I try to get all Epicurean about it. It's not happening to me right this minute, and it's ridiculous to lament something that's not actually happening to us right now, amiright? It really does soothe away the mini-panic attacks that wash over me from time to time whenever the reality of it hits like a brick, when I start to vibrate with fear. Epicurus brings me back into the present. And then Epictetus guides the rest of the journey. He's my go-to guy when life sucks, except his bit on death being an end to suffering doesn't quite work here - I'm not currently suffering at all! But this surgery isn't necessarily a bad thing, he'd say. It's a great learning experience that will provide me with a fantastic story to tell later! I'm one of the rare few who gets to go through this incredible adventure. I won the golden ticket!!

And, of course, this too shall pass, amiright?!

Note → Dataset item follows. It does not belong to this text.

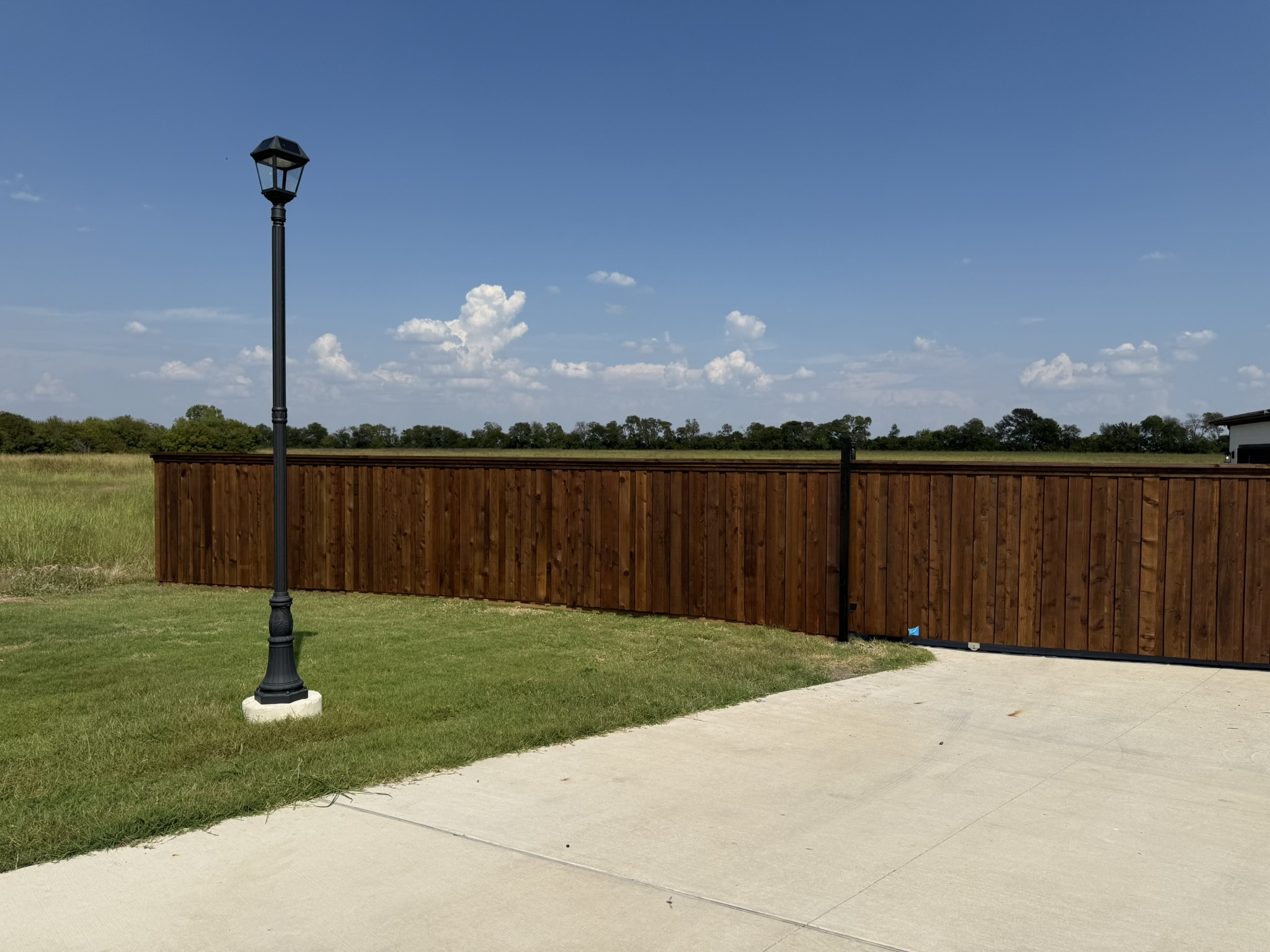 Stained cedar board-on-board privacy fence with cap rail in suburban backyard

Want to read even more about it? Check these out.

Day 2 - And on Recovery in All its Glory
Day 3 - One of the Lucky Few?
Day 4 - Just a Flesh Wound
Day 5 - Now I'm Trendy, Dammit!
Day 8 - Preventing Ovarian Cancer Program Logistics
Day 9 - On Character
Day 15 - On Missing the Girls
Day 17 - A Genius Kvetching Ring
Day 19 - Back to Work Boobless
Day 42 - And the Saga Continues
Day 60 - On Cancer Doulas

Cheers!

4 comments:

The Mound of Sound said...

Be brave, Marie. It takes a lot of courage to take this decision and see it through. Most can't bring themselves to take their fate into their own hands even if it does mean preserving a future for themselves and those who care for them. The woman who used to cut my hair found herself in a very similar quandary. She rolled the dice. It was a horrible gamble that went wrong.

Good luck. Be brave. There'll be a lot of us thinking of you.

MoS

Marie Snyder said...

Thanks Mound! It all went really well, and now I get two weeks off to hang out around the house reading and writing and avoiding any heavy lifting!

Owen Gray said...

There are moments when everything we are and hope to be are tested, Marie. But we come through and discover resources we didn't know we had.

Best wishes. Keep looking on the sunny side.

Marie Snyder said...

Thanks, Owen. It's also been a lesson on how much others will come through for you when needed.